Why? Well, I can’t be entirely certain, but I assume that when memory is accessed, the chip loads not just the single floating point double being requested, but an entire cache line starting at that address. Thus, the data for the next couple of iterations is always loaded into L1 cache ahead of time when you’re iterating forward in address space. However, in the reverse loop, the chip isn’t smart enough to notice that I’m going backwards (nor should it be) and so it has to wait for the data to come from either L2 or main memory every single iteration. By adding a few simple prefetch statements to the second loop, however, the time spent in this section of code went way down. Here is the new code for the second loop:
/*
* Step backward through structure, calculating reverse matrices.
*/
for (dx = n-1; dx > 0; dx--)
{
Trev1[dx] = Trev1[dx+1]*Tlay1[dx] + Trev2[dx+1]*conj(Tlay2[dx]);
Trev2[dx] = Trev1[dx+1]*Tlay2[dx] + Trev2[dx+1]*conj(Tlay1[dx]);
__builtin_prefetch(Trev1+dx-1,1);
__builtin_prefetch(Trev2+dx-1,1);
__builtin_prefetch(Tlay1+dx-1);
__builtin_prefetch(Tlay2+dx-1);
dTrev1[dx] = dTrev1[dx+1]*Tlay1[dx] + dTrev2[dx+1]*conj(Tlay2[dx]) +
Trev1[dx+1]*dTlay1[dx] + Trev2[dx+1]*conj(dTlay2[dx]);
dTrev2[dx] = dTrev1[dx+1]*Tlay2[dx] + dTrev2[dx+1]*conj(Tlay1[dx]) +
Trev1[dx+1]*dTlay2[dx] + Trev2[dx+1]*conj(dTlay1[dx]);
}
The prefetch instructions tell the processor to request the next loop’s data, so that the data is making its way through the memory bus while the current computation is being done in parallel. In this case, this section of code ran over three times as fast with the prefetch instructions! About the easiest optimization you’ll ever make. (The second argument given to the prefetch instruction indicates that the memory in question will be written to.)
When playing around with prefetch, you just have to experiment with how much to fetch and how far in advance you need to issue the fetch.
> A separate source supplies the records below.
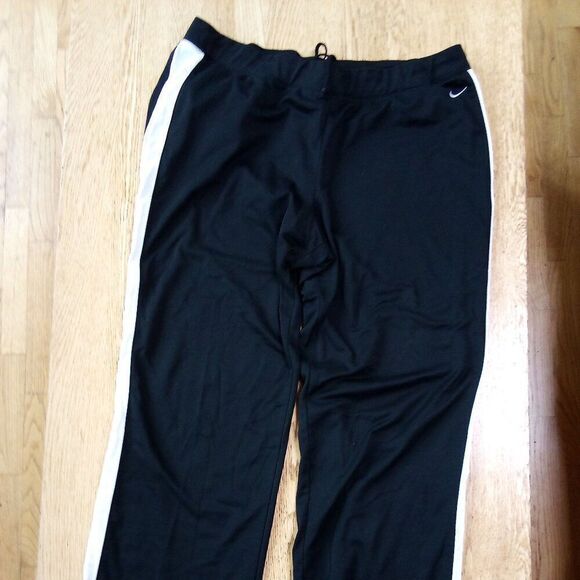 Nike Striped Sweatpants Joggers Trainers Women - Picture 2 of 8
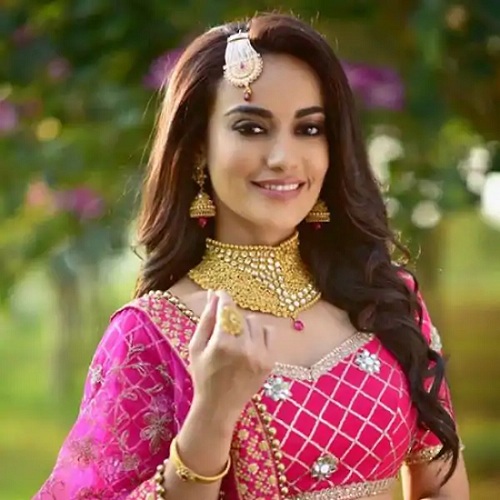 Surbhi Jyoti is every man's dream girl. Here's why 1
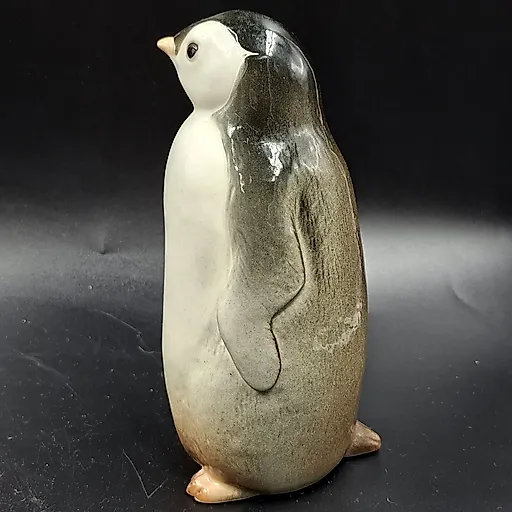 Фарфоровая статуэтка "Пингвин" скульптора Веселова, ЛФЗ, СССР, 1970-1992 гг. - View 4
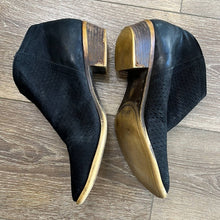 Load image into Gallery viewer, Sz 10.5 Lucky Brand Black Perforated Side Zip Heeled Ankle Booties
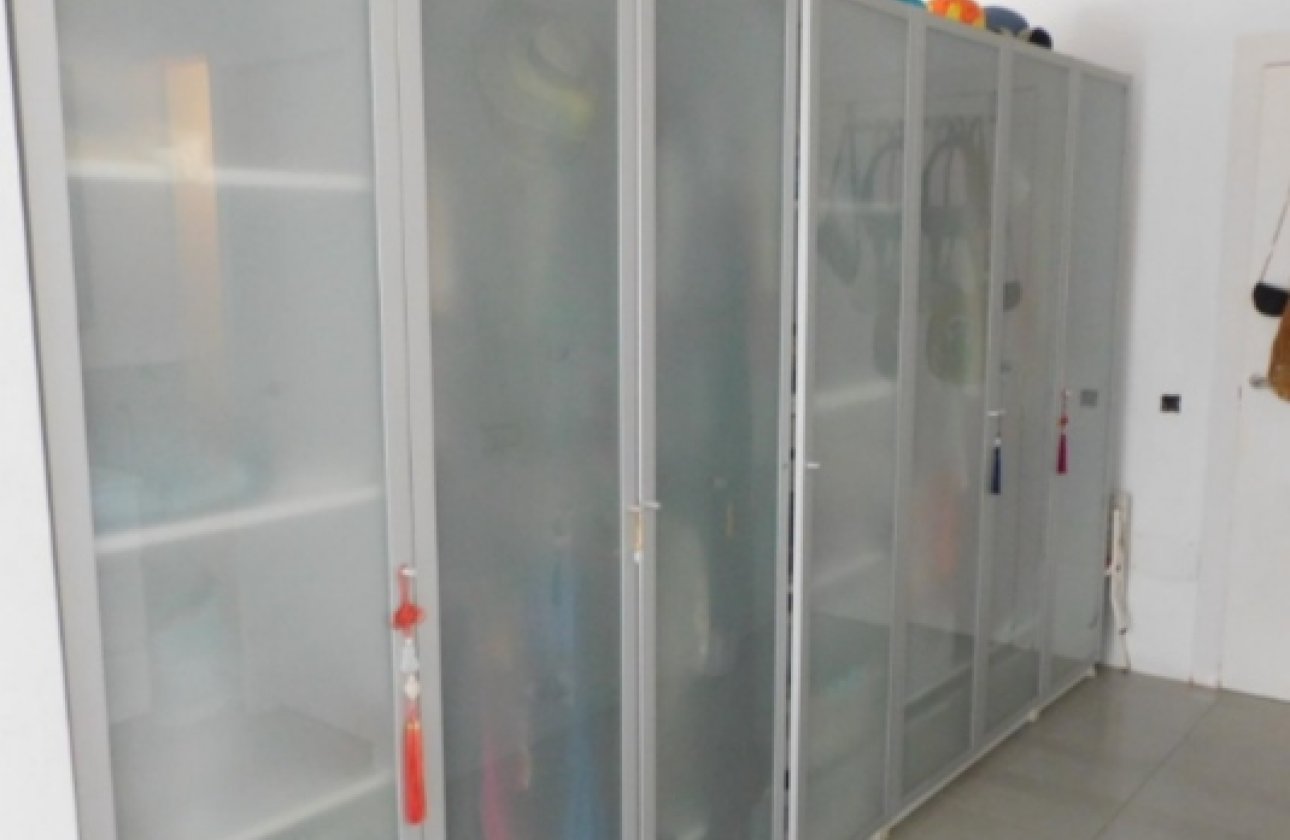 Resale - Villa - Alicante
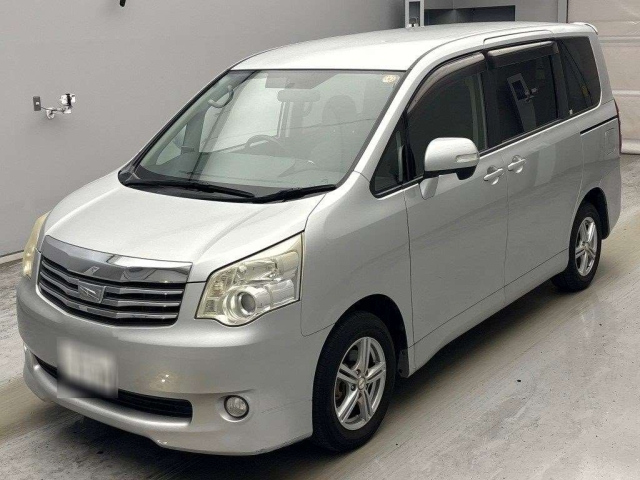 TOYOTA NOAH — фото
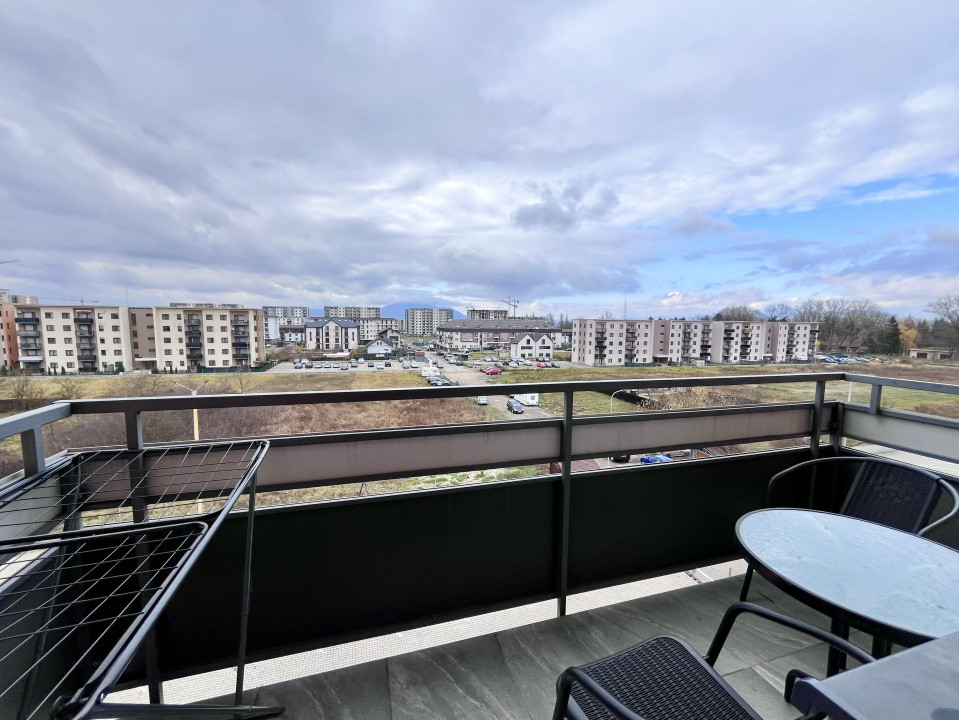 Studio modern în Grandis, Tractorul 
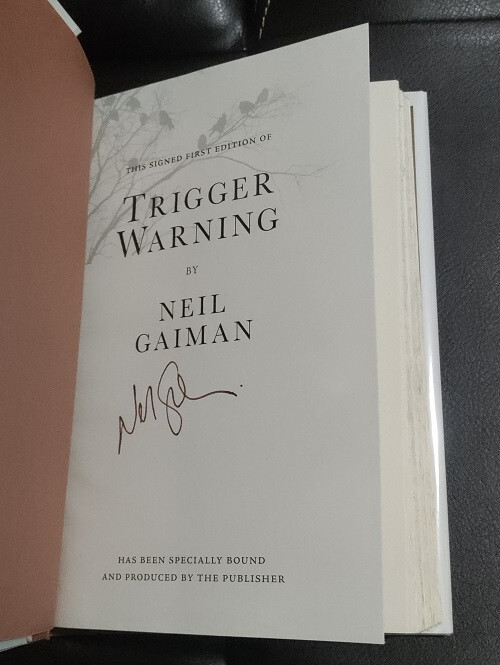 Signed Neil Gaiman Trigger Warning Short Stories Hardcover Fine / Near ...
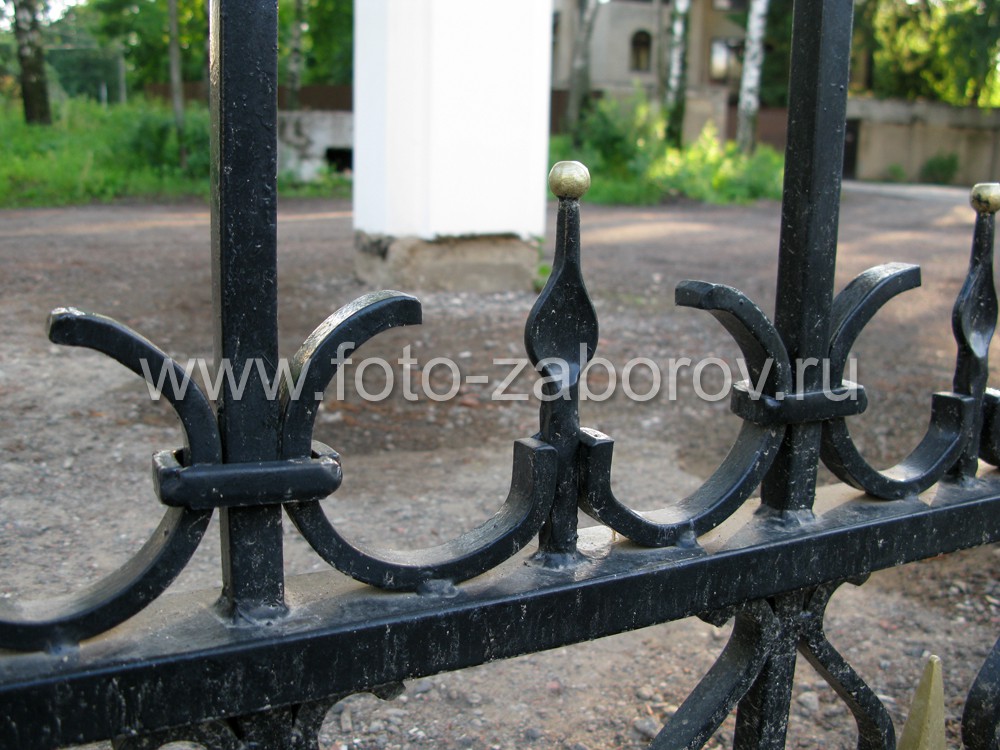Фото Красивая церковная ограда с выразительной надвратной ротондой. Обилие кованых элементов.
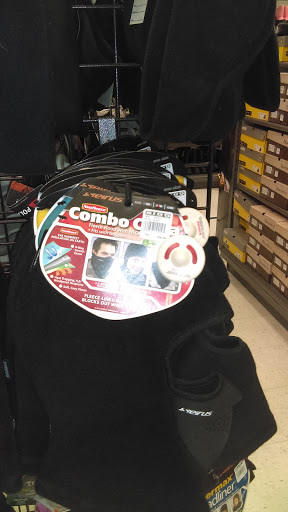 Sporting Goods Store «Big 5 Sporting Goods», reviews and photos, 4902 E Kings Canyon Rd, Fresno, CA 93727, USA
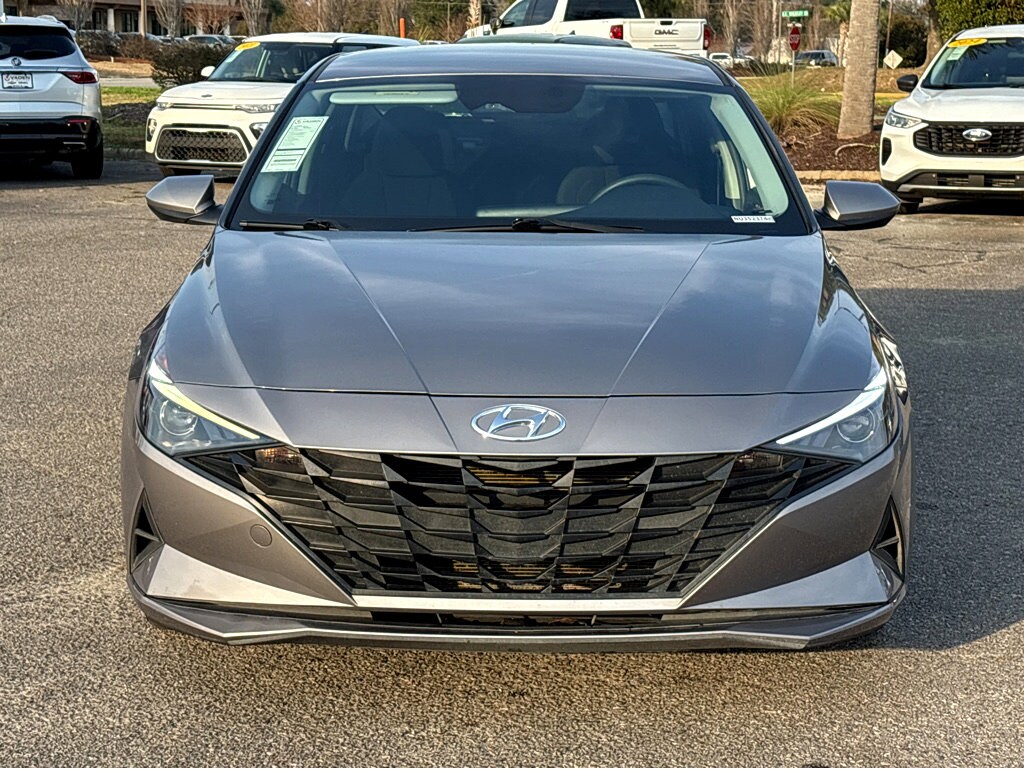 Used 2022 Hyundai Elantra SEL Sedan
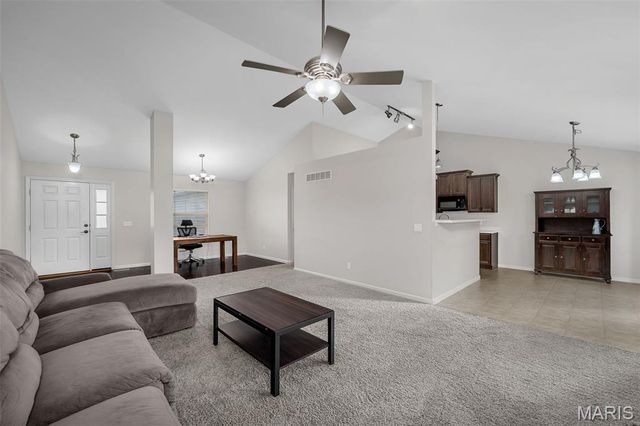 757 Lost Canyon Boulevard, Wentzville, MO 63385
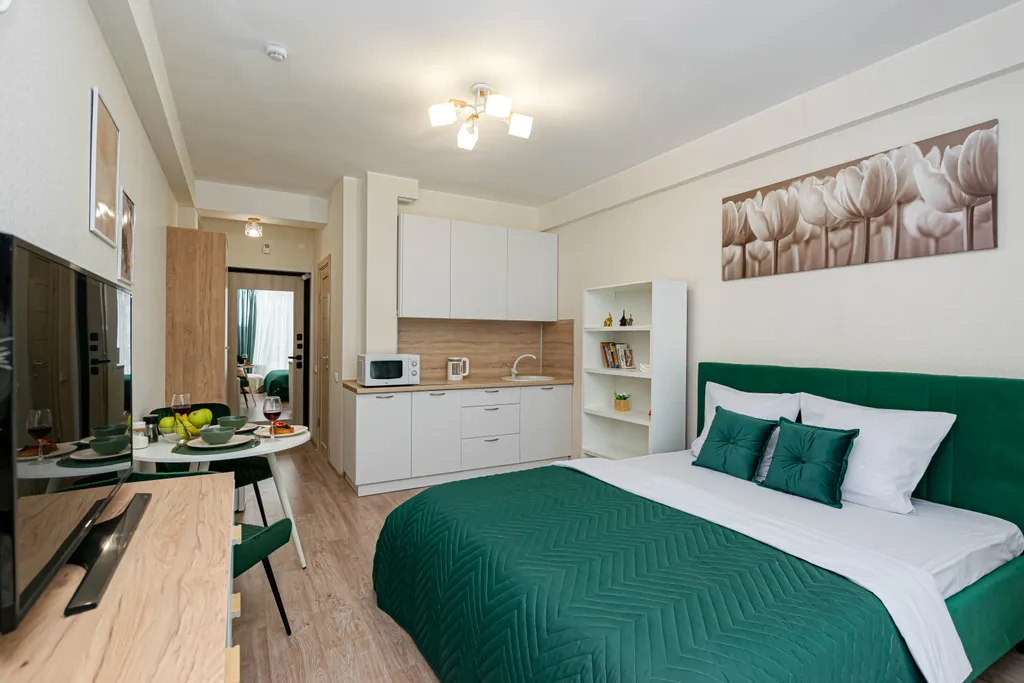 Уютная студия у цирка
Too far in advance and you increase overhead and run the risk of having the data drop out of cache before you need it (L1 cache is very small). Too late and the data won’t have arrived on the bus by the time you need it.
Why did I not prefetch the dTrev1 and dTrev2 memory locations? Well, I tried and it didn’t help. I really have no idea why. Maybe I exceeded the memory bandwidth, and so there was no point in loading it in. I then tried loading it in even earlier (two loops ahead) and that didn’t help. Perhaps in that case the cache got overloaded. Who knows? Cache optimization is a black art. But when it works, the payoff can be significant. It’s a technique that is worth exploring whenever you are accessing memory in a loop, especially out of order.